Newark Housing Authority Fair Housing Officer and Activist to Join Conversation About Government Segregation
Monarch Housing Associates in partnership with Seton Hall University Law School, the Anti-Poverty Network of NJ, and NJ Institute for Social Justice will host a Public Policy Forum on The Color of Law on May 16, 2018.
The Public Policy Forum keynote speaker and author Richard Rothstein will present the national research in his book, The Color of Law: A Forgotten History of How Government Segregated America, and take questions from the audience.
There is no cost to reserve your spot at the Public Policy Forum but donations to offset the cost of the event are appreciated.

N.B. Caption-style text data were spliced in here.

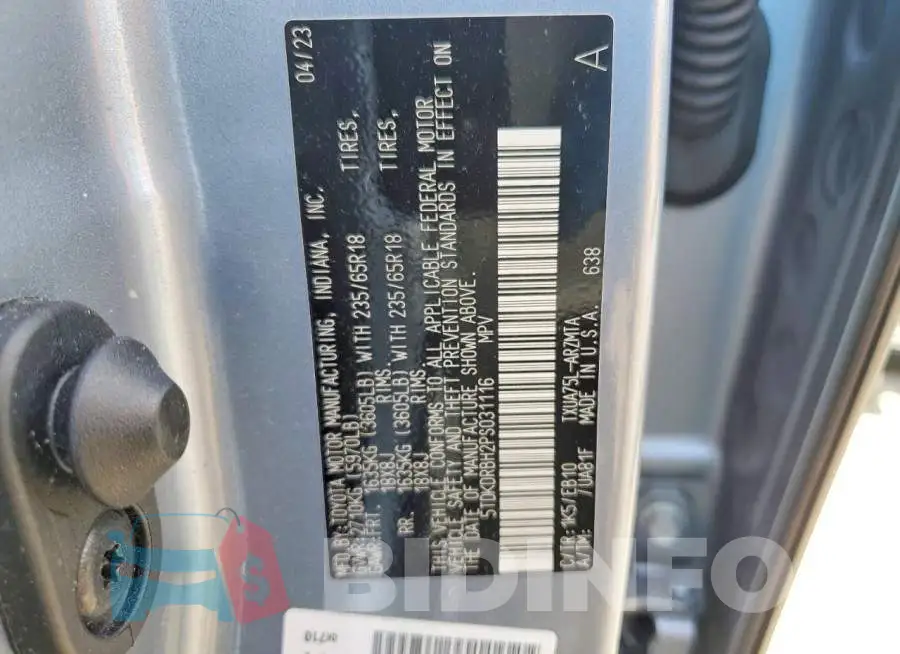 5TDKDRBH2PS031116 Photo# 13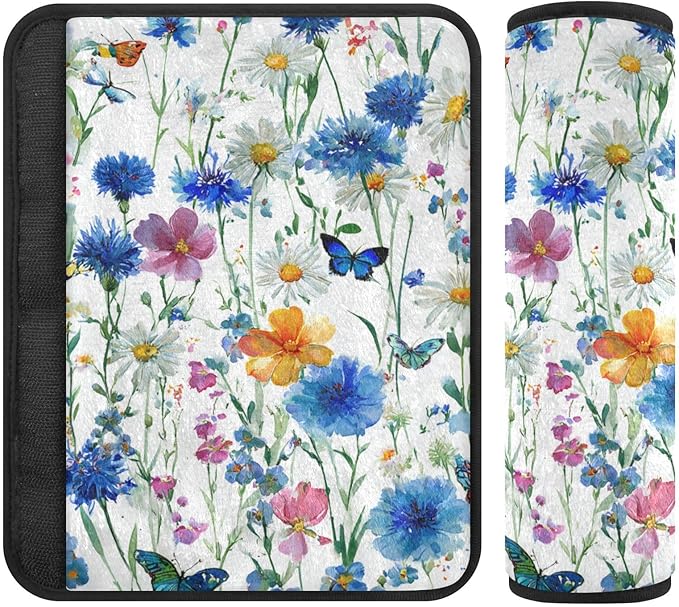 2 Pack Seatbelt Covers Seat Belt Cover Pad for Adults Boys Girls Car Seat Strap Covers Pads Cushion Universal Shoulder Strap Pad Protector for Backpack Camera Bag 6.5 Inch Watercolor Cornflower Daisy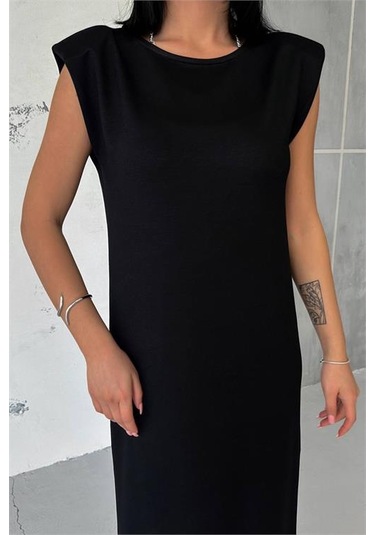 Neşeli Butik Kadın Vatkalı Yırtmaç Detaylı Modal Elbise Nbg010 Siyah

Please register today for this important event and opportunity to delve deeper into the issue of segregation. Tickets are going quickly. As of this morning half of the tickets have been purchased in less than a week. The Forum will include the opportunity to discuss how we can all work to further advance fair housing in New Jersey. The event will be held at Seton Hall Law School in Newark.
As part of the program of The Color of Law Public Policy Forum, Felicia Alston-Singleton, Fair Housing Officer for the City of Newark and Resident Advocate for Public (NHA), Private, and Market Rate Housing will join a panel discussion.
- Demelza Baer, Senior Counsel & Director of the Economic Mobility Initiative at the NJ Institute for Social Justice
- Richard Rothstein, Author, The Color of Law
- Rev. Eric Dobson, Fair Share Housing Center
Felicia Alston-Singleton is a resident advocate for the residents of the city of Newark and surrounding areas. She works with the Greater Newark HUD Tenants Coalition and STEPS (Solution To End Poverty Soon). She is also very involved in local advocacy in the City of Newark. She serves as the Board Vice President for the Anti-Poverty Network of NJ.
About five years ago, Alston-Singleton became an advocate representing herself in court when facing eviction as a victim of an unscrupulous landlord. She advocates for tenants in public and subsidized housing around the city.
She began studying the NJ Tenants Rights handbook. Eventually the Housing Authority repaired her apartments’ problem with backed-up sewage in her unit.
Shelterforce blogger Keli A. Tianga wrote about Newark, “Although Newark has some of the region’s largest cultural and academic institutions, such as Rutgers University’s Newark campus, the NJ Performing Arts Center, and Seton Hall Law School, it is no exception. The major issues for residents here are affordability, stability, and housing quality and safety. One organizer pointed out another who hasn’t had pest control visit his building in the 16 months he’s lived there, and is now being forced to contact Code Enforcement.”
Writes Tianga, “As people walk up looking for help, she lets them know that they are there to ‘educate, empower, and strengthen the community.’”
The City of Newark is tearing down affordable housing units and replacing it with luxury apartments leading to an even bigger housing affordability problem.
The mission of the Greater Newark HUD Tenants Coalition is to fight for tenants’ rights and to encourage and preserve low-income affordable housing.
The Tenants Coalition’s membership includes public housing tenant organizations, tenants living in subsidized housing, public housing residents, private housing residents and homeowners. Tenants make up a significant group in the City of Newark with 73% of the city’s population renting their homes.
The Tenant Coalition works with Newark Mayor Ras Baraka to:
- preserve Newark’s strong rent control ordinance,
- maintain the city’s decreasing number of public and private federal subsidized housing residents, and
- create a strong inclusionary zoning ordinance.
As the subsidized housing stock decreases in Newark, inclusionary housing becomes a larger tool in creating affordable housing.
The Newark Housing Authority, like many housing authorities across the country, has faced decreasing federal U.S. Dept. of Housing and Urban (HUD) funding in recent years which translates until less staffing and funds for maintenance and repair work orders.